** Opening Data to examine block **
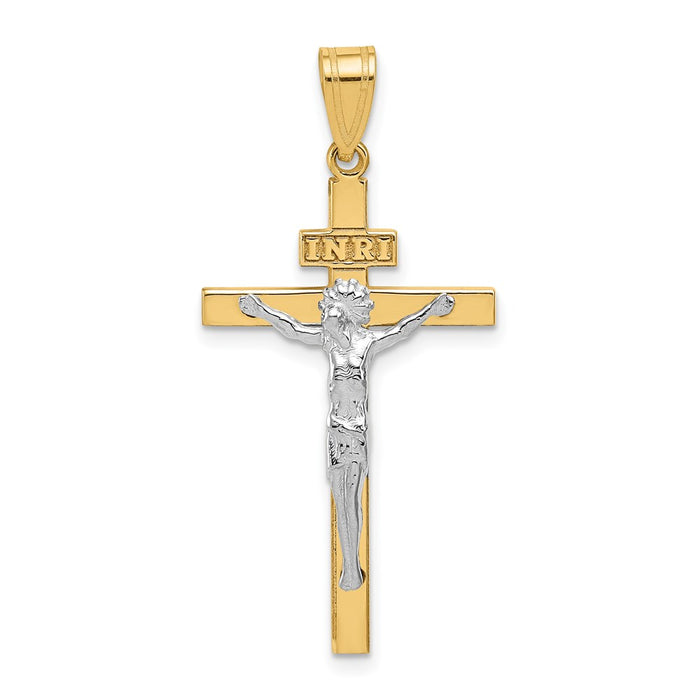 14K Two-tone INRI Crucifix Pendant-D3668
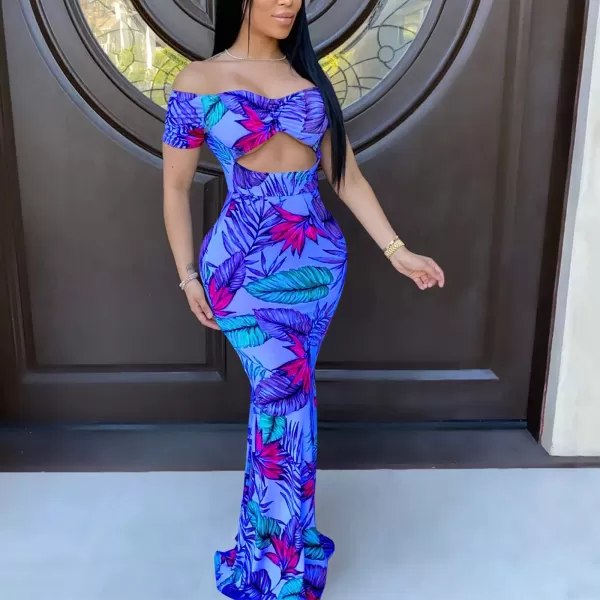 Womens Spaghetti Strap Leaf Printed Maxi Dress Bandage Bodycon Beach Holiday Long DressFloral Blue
** Closing Data to examine block **
** Opening Data to examine block **
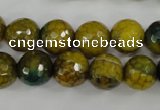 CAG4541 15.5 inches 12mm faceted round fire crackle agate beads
** Closing Data to examine block **
## Problem
Nothing but the lines above, starting at the line that contains "14K Two-tone INRI Crucifix Pendant-D3668" and ending at the line that contains "Womens Spaghetti Strap", should be given again, exactly and without the pictures.

## The answer
 14K Two-tone INRI Crucifix Pendant-D3668
 Womens Spaghetti Strap Leaf Printed Maxi Dress Bandage Bodycon Beach Holiday Long DressFloral Blue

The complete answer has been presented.